National Review has a fraught relationship with National Socialism. In recent years, the magazine has taken to likening liberals and socialists to fascists and Nazis. In a much-derided article published last week, correspondent Kevin Williamson claimed that Senator Bernie Sanders is leading “a national-socialist movement, which is a queasy and uncomfortable thing to write about a man who is the son of Jewish immigrants from Poland and whose family was largely wiped out in the Holocaust.” Later in the article, Williamson added that Sanders is not a “national socialist in the mode of Alfred Rosenberg or Julius Streicher,” but this proviso couldn’t undo the implication that Sanders and his supporters are modern day Hitlerites. Nor is Williamson alone: His National Review colleague Jonah Goldberg authored a lengthy tome in 2008, Liberal Fascism, making essentially the same argument about the supposed links between modern day progressives and the early 20th century European far right.

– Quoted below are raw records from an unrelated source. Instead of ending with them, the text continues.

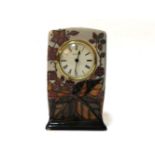 A modern Moorcroft clock, decorated with autumnal leaves and berries, approximately 16cm tall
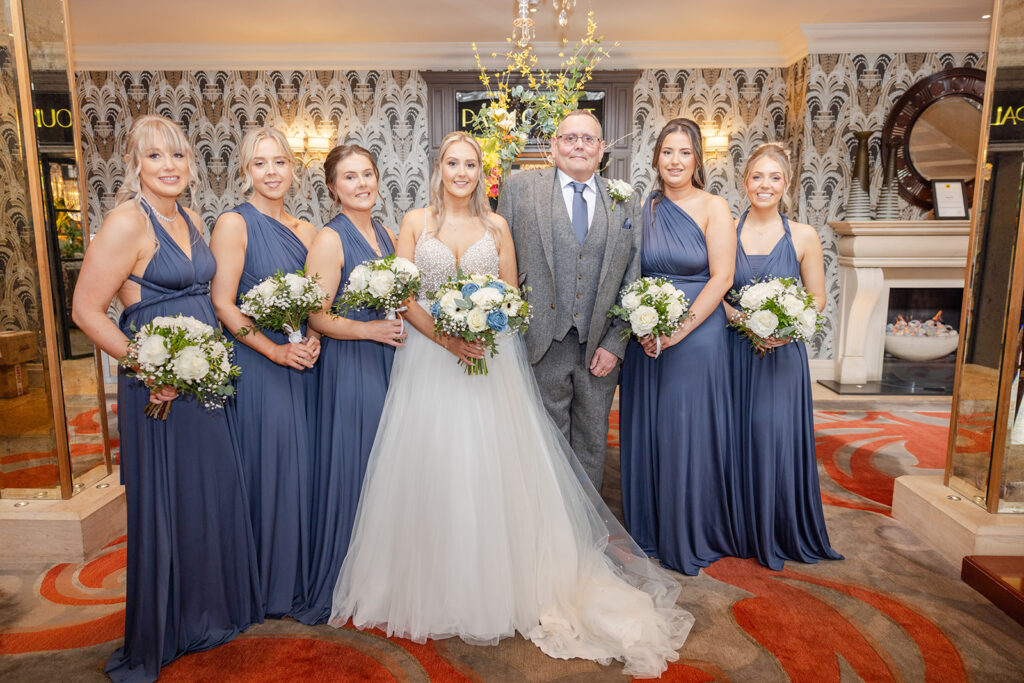 A bride in a white dress stands with six bridesmaids in blue dresses and a man in a grey suit, all holding bouquets, posing indoors at a wedding venue—captured beautifully by Philip Antrobus Photography.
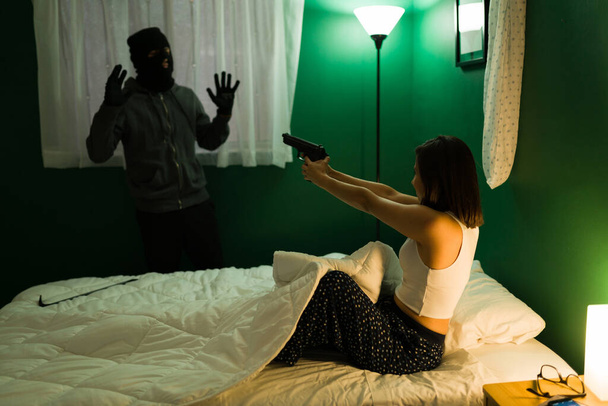 Get out of my house. Scared woman in bed pointing a gun to a male thief breaking in during the night - Photo, Image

While self-evidently absurd as a line of argument, the Williamson/Goldberg thesis is a fine example of projection, especially interesting because of their magazine’s long history of both publishing pro-fascist arguments and also resenting any accusations of being pro-Nazi. As the new documentary The Best of Enemies reminds us, the relationship between National Review and Nazism was once the stuff of national television drama in a notorious debate between Gore Vidal and National Review founder William F. Buckley. In August 1968, during the Democratic Convention in Chicago, Buckley compared New Left youths carrying pro–Viet Cong flags to pro-Nazis. Vidal responded by saying, “As far as I’m concerned, the only sort of pro- or crypto-Nazi that I can think of is yourself.” This set off Buckley, who went bugged eyed and threatened Vidal, saying, “Now listen, you queer, stop calling me a crypto-Nazi or I’ll sock you in the goddamn face.”

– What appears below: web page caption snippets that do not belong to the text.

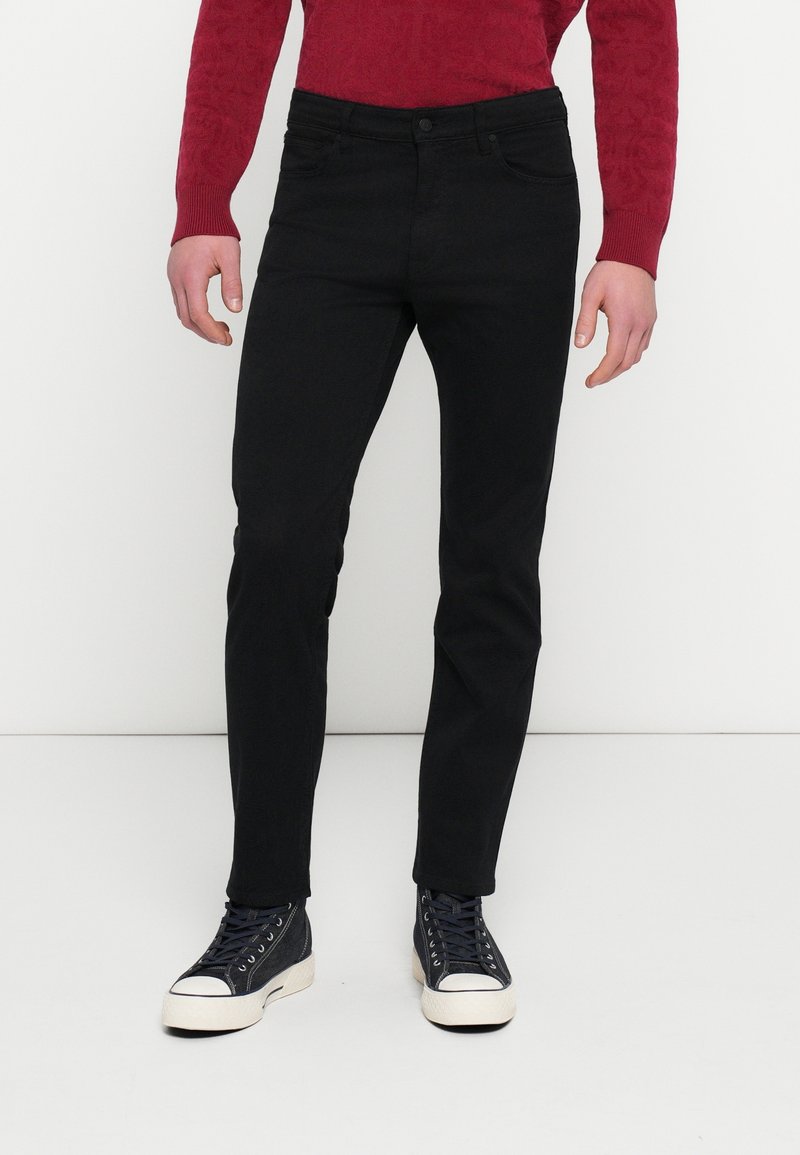Homme portant un jean slim noir, un pull rouge à manches longues et des baskets montantes noires avec semelles et bouts blancs.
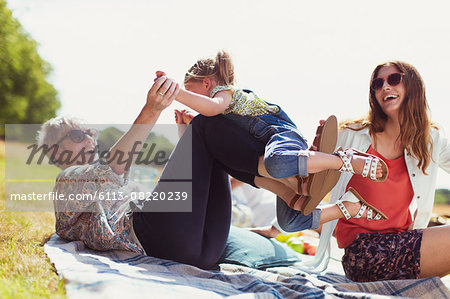 Playful grandmother and granddaughter on blanket in sunny field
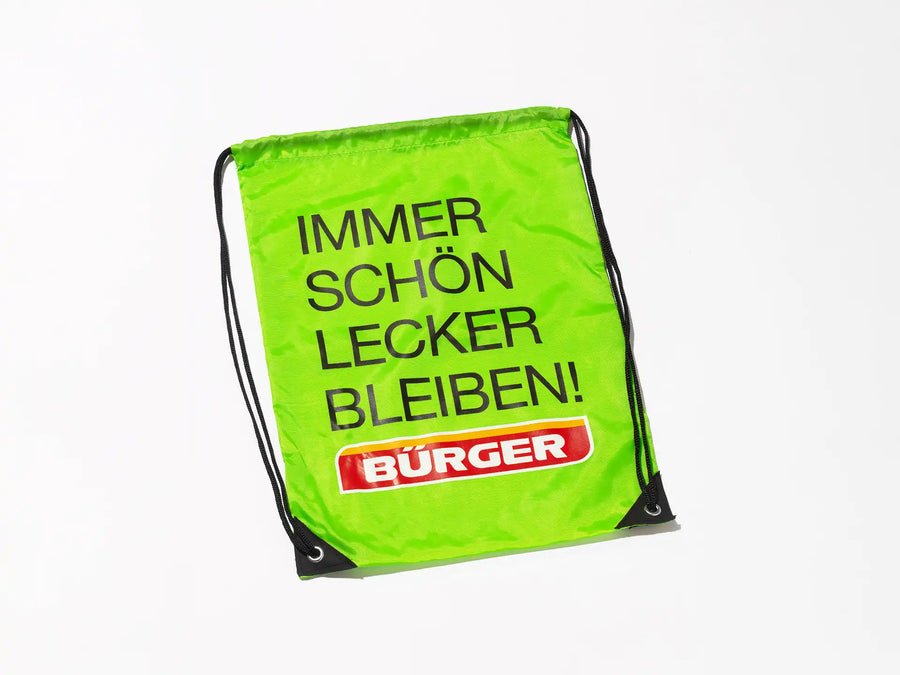 Grüner BÜRGER-Turnbeutel mit schwarzer Kordel und Aufdruck „IMMER SCHÖN LECKER BLEIBEN!“.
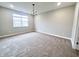 Large bedroom with neutral carpeting, recessed lighting, and a window with natural light at 6350 Stallion Way, Indianapolis, IN 46260
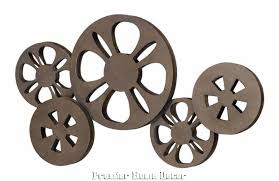 This listing is for a set of three wall prints. Movie Reel Wall Decor Easy To Diy Using Cardboard A Faux Finish Movie Reel Decor Movie Room Decor Affordable Wall Decor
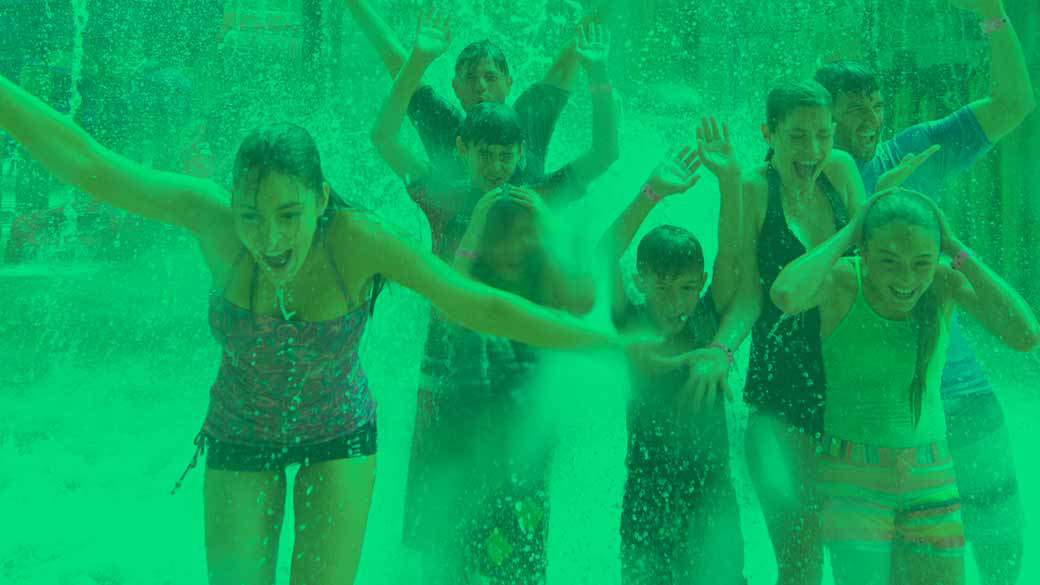 Family playing in a indoor pool 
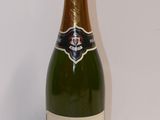a bottle of champagne that is sitting on a table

Best of Enemies does a fine job of recreating the Vidal/Buckley clash as a TV spectacle, but doesn’t really adequately explain why Buckley—who was a veteran debater and kept his cool in heated exchanges with adversaries like Noam Chomsky and John Kenneth Galbraith, who were just as formidable as Vidal—became unhinged at that particular moment. A better explanation can be found in the history of National Review itself.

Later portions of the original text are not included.